Парвин кивнула, уголки рта чуть приподнялись в неясной улыбке.
– Да, ты уж поосторожней. А то будешь плохо себя вести, заявится и задаст тебе порку, – она подняла брови, как бы намекая, и я чуть не свалилась со стула. Пол расхохотался.
– Фу, как грязно! – с одобрением заметил он, отсмеявшись, и вернулся к работе.
Вот что нужно понимать: нельзя основываться на своих представлениях о людях. Они меняются. Они отказываются следовать правилам. Я вновь повернулась к изображениям на МРТ, стала рассматривать неестественно белую область. Она была мертвой, да, но тем понятнее для меня. Я всегда любила конкретику. Правое или левое. Да или нет. Те школьные предметы, что требовали обсуждений и интерпретаций, были для меня настоящим проклятием, и никто из учителей не удивился, когда я выбрала науку. После того как я защитила диссертацию, меня убедили остаться здесь, чтобы всю оставшуюся жизнь заниматься научными исследованиями, но у меня было и другое желание. Помогать. Чувствовать себя полезной.
Нет, это неправда. Я нажала на иконку, чтобы открыть новую медкарту. Я хотела быть хорошей. Налаживать баланс. Если вас спрашивают, чем вы занимаетесь, а вы отвечаете, что вы врач, помогающий диагностировать и лечить рак, вам нужно быть хорошим. Нужно.
После работы я отказалась от вялого предложения выпить и сразу поехала домой. Я действовала на автопилоте, и сторонний наблюдатель не увидел бы ни одной причины полагать, будто бы я не готовлюсь к предстоящему свиданию. Вплоть до последнего момента, когда я уже должна была выходить. Но я не вышла. Я села на диван и сбросила туфли.

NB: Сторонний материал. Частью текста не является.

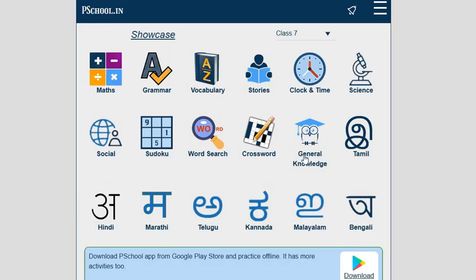This is the best free software that we can use in smart classrooms, flipped classrooms, or digital classes. The link of this portal is given. There is no need to log in or download any software. You can use it online, or you can also download the P-School app from the Google Play Store and practice offline. It has more activities too. That's all from this video — thank you very much.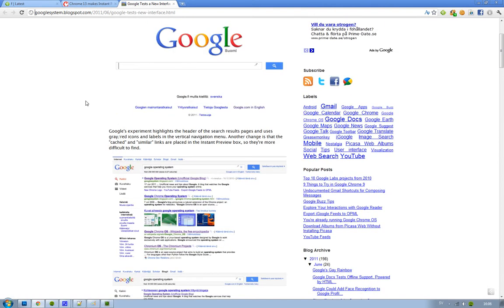Instant pages pre-load the search results that Google thinks you're going to click on, so when you click that link, it brings you there instantly because it's already pre-loaded the website in the background.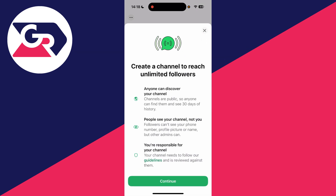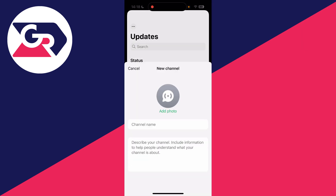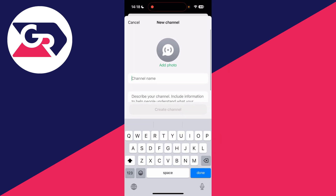You can create a channel to reach unlimited followers. Anyone can discover it. People see your channel, not you, and you're responsible for the channel. Press Continue.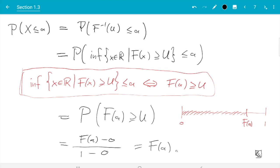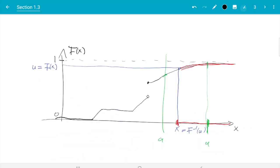That's the theoretical foundation of the inverse transform method. This completes the first video about this section. In the next video I will run you through an example to see how the method can actually be used.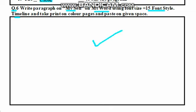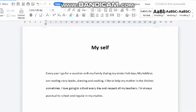So let's start. Here I have to write a paragraph on myself. For example: every year I go for a vacation with my family during my winter holidays. You have to also write a paragraph on yourself.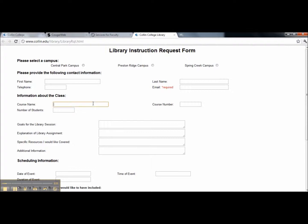Next, provide us with the course name, your course number, and the number of students in your class. You are allowed to estimate.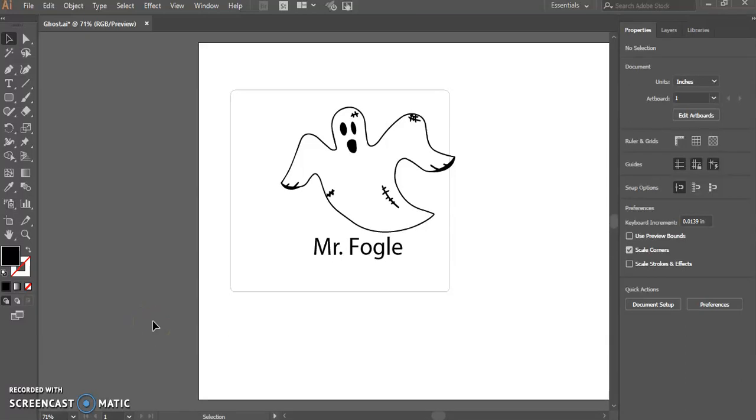In this video, I'm going to show you how to organize files in Adobe Illustrator.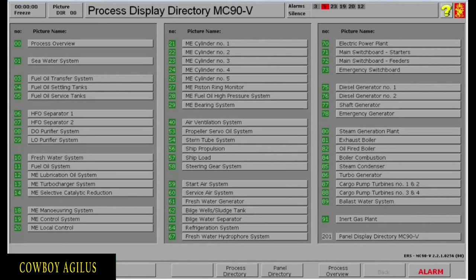Hello gentlemen, this is Aguilus. In this video, I will be walking you through the starting of the emergency generator, connecting it to the bus bar and supplying power to the consumers.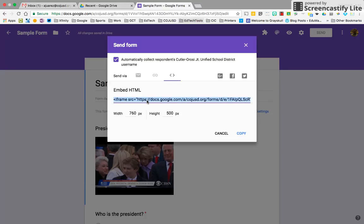And you can paste it into your website editor. Again, this is just a variety of ways which you can share the form or send it to someone else.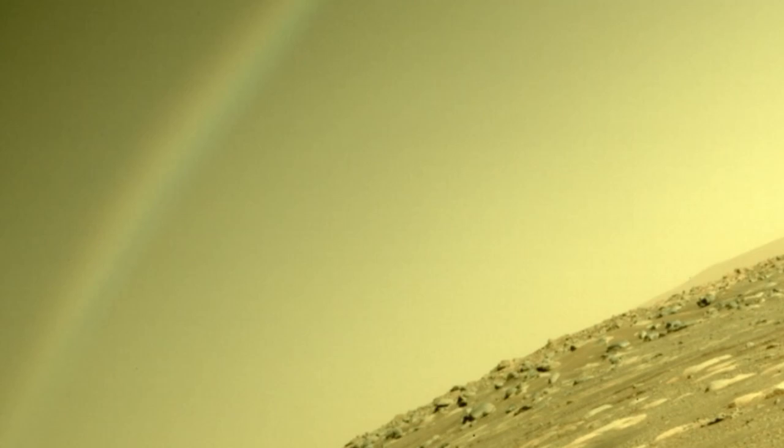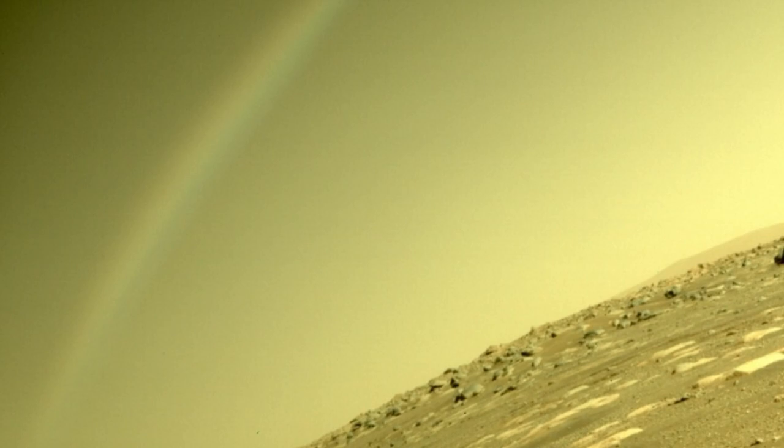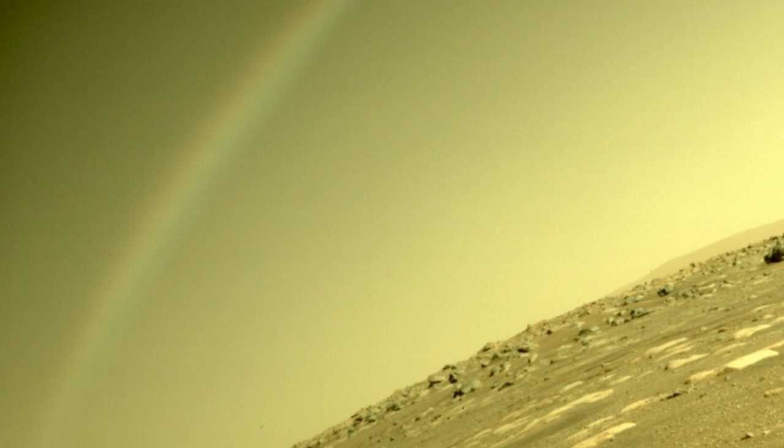NASA is outsourcing the job of Martian cloud hunting to the public. You can take part online, whenever you want. The more Mars cloud detections the agency has, the better our chances of solving one of the red planet's biggest mysteries.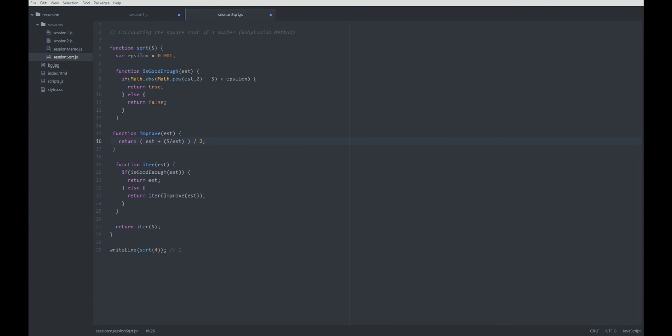Actually, we don't need the parenthesis here, but I like to have them here, so it's more verbose what's going on.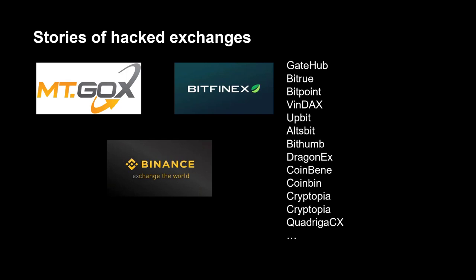If you read the news, you can see that there are a lot of hacks of exchanges. The big hacks were at Mt. Gox, Bitfinex, Binance. For example, from Mt. Gox was stolen over 850,000 bitcoins.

Отчасти мне хотелось включить телевизор, выпить вина и сделать вид, что ничего не происходит, порвать с Марком путем бездействия, а не действия, но остатки силы духа были во мне еще живы. Я представила, как он сидит один в ресторане, вспомнила, как однажды бросила мужчину, просто уехав из города посреди ночи. Я знала, что не люблю Марка, но он был добр ко мне и не заслужил такого. Посмотрев на часы, я поняла, что уже поздно и что он наверняка уже в пути. Нажав кнопку вызова, я скрестила пальцы и стала ждать ответа.
– Ты опаздываешь? Ничего страшного, я пока схожу в бар и чего-нибудь выпью.
Его голос был таким счастливым, таким уверенным, а я собиралась все разрушить. Вернее, я знала, что все разрушено, но он-то не знал. Я ненавидела себя. Я ненавидела все это.
– Я не приеду, – лживые слова о том, что я плохо себя чувствую или слишком устала, чуть было не вырвались, но я сжала губы, не давая им выйти на свободу. – Прости меня. В последнее время все не так, и…
– О чем ты?
– Мне кажется, нам нужно сделать перерыв.
– Не говори глупостей, – сказал Марк сухо. – Жду тебя в ресторане через час, – и он сбросил звонок.
Так типично для Марка. Когда все только начиналось, меня притягивала его уверенность в своих силах, в себе и в нас. Впервые я почувствовала, что он мне нравится, в пятницу на вечеринке после работы. Коллеги решили повеселиться, втянули и меня. Я помню, как, болтая с Полом, ощущала на себе взгляд Марка, сидевшего за соседним столиком. Когда я собралась уходить, он пошел за мной следом. Моросил мелкий дождь, и Марк раскрыл зонт-трость. Я помню, как подумала – до чего смешно, до чего по-взрослому нудно и так непохоже на мужчин, которые мне нравились, что его можно было бы отнести к другому виду. Мне всегда нравились длинноволосые плохие парни с проблемами по части гигиены и любовью к марихуане, а не мужчины на двенадцать лет старше меня, которые любят классическую музыку и играют в крикет.